Davutoğlu'nun görev süresi de başkanlığın inşasına kadar geçerlidir. Kanunsuzluğa gömülmüş, rüşvetçilerin kontolüne geçmişlerin bunlardan bahsetmesi kara mizahtır. Davutoğlu yolsuzluktan şikayetçiyse önce saraydan başlaması sonra halkayı genişletmelidir. İçeriden ve dışarıdan pazarlanarak tedavüle soklan bayat oyunlar hangi boyuta ulaşırsa ulaşsın, mücadelemizi inançla sürdüreceğiz."

DIŞ POLİTİKA ELEŞTİRİSİ

Ne zaman kardeş Esad sözleri, katil Esad'la yer değiştirmiş, işte o zaman Türkiye sorun ithal eden, yalnızlığa mahkum bir ülke haline getirilmiştir. Türkiye'nin etrafı husumet çemberine alınmıştır. AKP hayalperest, dengesiz, gayrimilli bir siyaset paradigmasının kölesi olmuştur. AKP'li yöneticiler söyledikleri yalanlara inanır hale gelmiştir.
Başbakan Davutoğlu'nun Türk dış politikası hakkındaki sözleri, devasa bir kandırmacadan ibarettir. Türkiye'nin tüm cepheleri düşmektedir. Suriye politikasında izlenen tarafgir siyaset başımıza olmadık belalar sarmıştır.

"RUSYA'NIN ÖZÜR BEKLENTİSİ SKANDALDIR"

2 Rus uçağından birisine müdahale edilmiştir. İki pilottan birisi hayatını kaybetmiştir. Erdoğan uçak düşürülmesine otomatik tepki derken, sahibinin sesini duymayan Davutoğlu 'emri ben verdim' demiştir. Rusya'nın sınırlarımızın ötesinde askeri operasyonlar yaptığı, Türkmen Dağı'nı bombaladığı bilinmektedir. Ortadoğu'daki sancılı ortamı nüfuz alanına dönüştürme gayretindedir. Önce Ukrayna'ya sonra da Ortadoğu'ya gözünü çeviren bu ülkedir. Putin, Türkiye'nin IŞİD'i koruduğunu, bu ülkeden petrol aldığını açıklamıştır. Erdoğan'ın iç politikadaki alışkanlıklarını dış politikada da sürdürmesi talihsizliktir. ABD ile Rusya arasında nasıl bir anlaşma olduğunu bilemeyiz. Rusya gerginlik ve kutuplaşma politikalarıyla Ortadoğu'ya yerleşme peşindedir. Rusya kesinlikle haksız ve art niyetlidir. Putin ateşe benzinle gitmektedir. Rusya'nın özür beklentisi skandaldır.
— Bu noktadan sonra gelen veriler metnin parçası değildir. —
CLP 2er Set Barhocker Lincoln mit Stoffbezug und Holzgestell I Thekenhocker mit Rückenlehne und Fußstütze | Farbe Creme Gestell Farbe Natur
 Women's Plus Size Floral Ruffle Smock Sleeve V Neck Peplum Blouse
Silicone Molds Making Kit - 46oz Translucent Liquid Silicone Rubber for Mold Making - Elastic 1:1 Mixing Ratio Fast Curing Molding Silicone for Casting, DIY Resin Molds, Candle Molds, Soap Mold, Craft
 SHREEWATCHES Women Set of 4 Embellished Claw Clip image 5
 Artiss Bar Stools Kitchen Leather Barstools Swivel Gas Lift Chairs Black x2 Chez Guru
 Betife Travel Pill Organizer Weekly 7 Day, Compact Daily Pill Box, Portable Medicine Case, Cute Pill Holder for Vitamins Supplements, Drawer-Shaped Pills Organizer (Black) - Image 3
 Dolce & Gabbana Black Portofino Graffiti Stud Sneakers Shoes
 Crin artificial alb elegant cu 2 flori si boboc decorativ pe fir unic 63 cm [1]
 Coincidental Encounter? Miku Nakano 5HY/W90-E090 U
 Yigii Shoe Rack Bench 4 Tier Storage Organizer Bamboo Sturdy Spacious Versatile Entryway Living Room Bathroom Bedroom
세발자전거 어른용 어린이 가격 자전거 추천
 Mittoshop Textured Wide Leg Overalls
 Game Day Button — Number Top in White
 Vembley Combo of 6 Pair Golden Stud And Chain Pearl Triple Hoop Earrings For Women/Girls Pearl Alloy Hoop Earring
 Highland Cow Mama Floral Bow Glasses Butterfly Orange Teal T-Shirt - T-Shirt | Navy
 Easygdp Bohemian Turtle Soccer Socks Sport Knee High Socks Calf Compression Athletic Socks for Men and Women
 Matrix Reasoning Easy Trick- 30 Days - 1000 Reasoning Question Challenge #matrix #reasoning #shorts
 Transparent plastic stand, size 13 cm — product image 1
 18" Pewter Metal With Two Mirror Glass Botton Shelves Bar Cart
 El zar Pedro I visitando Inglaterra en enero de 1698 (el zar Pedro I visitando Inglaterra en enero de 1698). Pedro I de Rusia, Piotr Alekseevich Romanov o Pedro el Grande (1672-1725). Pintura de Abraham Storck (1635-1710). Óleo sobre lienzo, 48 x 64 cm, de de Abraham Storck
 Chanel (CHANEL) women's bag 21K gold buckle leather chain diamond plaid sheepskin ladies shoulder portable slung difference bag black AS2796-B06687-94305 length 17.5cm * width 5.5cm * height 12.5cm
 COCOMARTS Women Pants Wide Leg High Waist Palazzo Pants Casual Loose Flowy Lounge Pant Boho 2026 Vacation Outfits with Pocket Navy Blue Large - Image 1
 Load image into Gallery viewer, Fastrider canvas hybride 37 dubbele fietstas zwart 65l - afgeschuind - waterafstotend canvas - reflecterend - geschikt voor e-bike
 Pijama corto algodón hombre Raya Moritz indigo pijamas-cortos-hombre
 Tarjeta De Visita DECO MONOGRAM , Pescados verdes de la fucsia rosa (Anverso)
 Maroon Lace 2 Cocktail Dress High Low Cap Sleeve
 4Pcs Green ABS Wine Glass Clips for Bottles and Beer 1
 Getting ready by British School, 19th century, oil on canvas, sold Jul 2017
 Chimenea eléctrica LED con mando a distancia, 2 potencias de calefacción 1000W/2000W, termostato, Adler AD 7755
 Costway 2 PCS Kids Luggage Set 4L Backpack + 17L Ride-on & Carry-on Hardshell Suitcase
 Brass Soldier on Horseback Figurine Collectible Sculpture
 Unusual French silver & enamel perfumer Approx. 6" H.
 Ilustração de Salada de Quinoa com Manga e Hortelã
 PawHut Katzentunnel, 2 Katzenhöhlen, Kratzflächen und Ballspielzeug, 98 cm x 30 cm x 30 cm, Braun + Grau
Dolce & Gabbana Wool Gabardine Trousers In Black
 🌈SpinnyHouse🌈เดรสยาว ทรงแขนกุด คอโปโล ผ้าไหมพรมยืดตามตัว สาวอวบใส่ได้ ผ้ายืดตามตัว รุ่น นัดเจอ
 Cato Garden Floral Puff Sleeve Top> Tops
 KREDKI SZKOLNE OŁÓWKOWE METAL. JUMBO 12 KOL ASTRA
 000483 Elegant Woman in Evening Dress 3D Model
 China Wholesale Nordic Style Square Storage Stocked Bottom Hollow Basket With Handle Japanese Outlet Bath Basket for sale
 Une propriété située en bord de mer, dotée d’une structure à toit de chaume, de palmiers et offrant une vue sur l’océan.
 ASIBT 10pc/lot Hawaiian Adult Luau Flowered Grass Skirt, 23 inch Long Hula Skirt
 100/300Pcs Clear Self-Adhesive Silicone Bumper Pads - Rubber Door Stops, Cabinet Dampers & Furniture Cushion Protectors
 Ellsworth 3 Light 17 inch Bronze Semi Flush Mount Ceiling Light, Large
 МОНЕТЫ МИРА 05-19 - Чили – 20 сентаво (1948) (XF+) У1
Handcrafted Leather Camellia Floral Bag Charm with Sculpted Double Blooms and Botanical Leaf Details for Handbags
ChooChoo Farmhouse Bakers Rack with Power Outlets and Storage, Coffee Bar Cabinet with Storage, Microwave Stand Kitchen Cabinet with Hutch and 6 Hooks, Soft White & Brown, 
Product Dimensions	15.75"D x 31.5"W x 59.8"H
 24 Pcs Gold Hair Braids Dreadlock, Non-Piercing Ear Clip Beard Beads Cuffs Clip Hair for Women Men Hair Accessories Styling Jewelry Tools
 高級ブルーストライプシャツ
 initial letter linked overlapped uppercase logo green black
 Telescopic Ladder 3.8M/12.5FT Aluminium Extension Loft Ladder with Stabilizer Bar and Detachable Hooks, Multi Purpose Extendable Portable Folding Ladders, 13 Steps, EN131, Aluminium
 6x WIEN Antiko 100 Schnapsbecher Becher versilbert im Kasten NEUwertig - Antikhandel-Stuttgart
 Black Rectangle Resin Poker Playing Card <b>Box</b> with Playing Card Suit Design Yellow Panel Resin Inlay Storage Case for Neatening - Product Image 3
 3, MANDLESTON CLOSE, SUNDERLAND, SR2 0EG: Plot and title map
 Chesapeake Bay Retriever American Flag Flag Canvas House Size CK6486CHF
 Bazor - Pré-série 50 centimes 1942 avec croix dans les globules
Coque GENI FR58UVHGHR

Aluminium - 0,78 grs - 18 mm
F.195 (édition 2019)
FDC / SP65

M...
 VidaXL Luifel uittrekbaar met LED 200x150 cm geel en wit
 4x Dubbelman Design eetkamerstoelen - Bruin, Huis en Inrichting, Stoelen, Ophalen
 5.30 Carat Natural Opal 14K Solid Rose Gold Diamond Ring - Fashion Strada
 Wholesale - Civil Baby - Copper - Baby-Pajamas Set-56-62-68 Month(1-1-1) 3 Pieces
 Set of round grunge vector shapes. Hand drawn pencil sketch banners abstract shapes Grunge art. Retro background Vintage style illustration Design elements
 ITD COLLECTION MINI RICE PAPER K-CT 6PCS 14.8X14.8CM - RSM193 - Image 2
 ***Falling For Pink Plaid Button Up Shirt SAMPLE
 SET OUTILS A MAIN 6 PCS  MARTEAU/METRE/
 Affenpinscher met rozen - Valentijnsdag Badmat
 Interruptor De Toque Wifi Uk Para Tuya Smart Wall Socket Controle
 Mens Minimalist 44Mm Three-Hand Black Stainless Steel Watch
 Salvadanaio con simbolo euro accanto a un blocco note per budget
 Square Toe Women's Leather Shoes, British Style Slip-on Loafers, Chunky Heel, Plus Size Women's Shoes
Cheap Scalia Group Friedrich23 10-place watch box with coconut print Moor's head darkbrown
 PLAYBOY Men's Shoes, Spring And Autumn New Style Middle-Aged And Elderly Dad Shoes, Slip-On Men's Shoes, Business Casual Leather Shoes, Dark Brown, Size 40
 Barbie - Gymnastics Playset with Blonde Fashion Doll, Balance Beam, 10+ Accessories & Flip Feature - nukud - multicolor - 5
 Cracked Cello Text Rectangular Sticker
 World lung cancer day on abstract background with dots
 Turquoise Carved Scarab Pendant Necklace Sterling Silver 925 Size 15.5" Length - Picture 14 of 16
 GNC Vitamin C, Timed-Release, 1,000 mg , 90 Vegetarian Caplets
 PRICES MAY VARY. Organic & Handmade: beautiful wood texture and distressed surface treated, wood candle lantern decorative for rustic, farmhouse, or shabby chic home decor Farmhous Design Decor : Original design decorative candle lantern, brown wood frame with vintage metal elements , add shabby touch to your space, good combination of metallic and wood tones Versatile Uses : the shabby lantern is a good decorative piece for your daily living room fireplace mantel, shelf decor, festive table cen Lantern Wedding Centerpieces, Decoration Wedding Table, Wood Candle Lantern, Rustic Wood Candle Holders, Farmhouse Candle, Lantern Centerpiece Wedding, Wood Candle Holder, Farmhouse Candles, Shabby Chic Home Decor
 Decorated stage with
"YERİMİZ TÜRKİYE'NİN YANI VE ÇIKARLARIDIR"

Rusya düşen uçağı dert ettiği kadar, şu sorular üzerinde de düşünebilmelidir. Türkmen Dağı'nda vahşi saldırılara uğrayan Türkmenlerin hak ve hukununu ne yapacağız. Rusya'nın sınırımızda ne işi vardır. Rus uçaklarının uçacak başka yeri mi kalmamıştır? 82 Türkmen kardeşimizin öldürülmesine, Putin ne diyecektir? Ukrayna, Gürcistan ve Suriye'de işgal hesabı yapan Putin Türkiye'yi ne zannetmektedir? Türkmenleri hedef alan etnik tasfiye girişimine hiç kimse sessiz kalmayacaktır. İsrail'i kınayan Türkiye'nin soydaşlarımıza destek vermesi sağlanmalıdır. MH, AKP'nin dışpolitikadaki açmazlarının farkındadır. Yerimiz Türkiye'nin yanı ve çıkarlarıdır.

Bir Kürt koridoru açılma planı ABD koridorlarında hızla ilerlemektedir. G20 toplantılarında Obama'nın sözleri Türkiye'nin egemenliğine düşürülmüş bir gölgedir. Erdoğan'ın Davutoğlu'nu sahadışına itip, Rusya ve Putin'e yönelik açıklamaları gel-gitlerle anlaşılmaz bir düzeydedir.
Putin, Erdoğan'la görüşmemiştir, bu kendi bileceği iştir. Davutoğlu'nun apar topar Brüksel ziyareti ve vizesi seyahatini kuşkuyla karşılamaktayız. AB'nin Türkiye'ye vaatlerinin bir bedeli vardır. Türkiye'nin toplama kampı haline getirilmesidir. Davutoğlu alacağı üç kuruşa toprakları peşkeş çekmiştir. Türkiye buna müstehak değildir. Rusya ile sürtüşmenin telafisi mümkün olmayan hale gelmeden çözülmesi beklentimizdir. İki ülke de zararlı çıkacaktır. Yapılan açıklamalar ülkemizin tuzağa düşürüldüğünün kanıtıdır. Türkiye'nin tarihsel varlığına uzanacak her elin kırılması için hükümetin yanında duracaktır."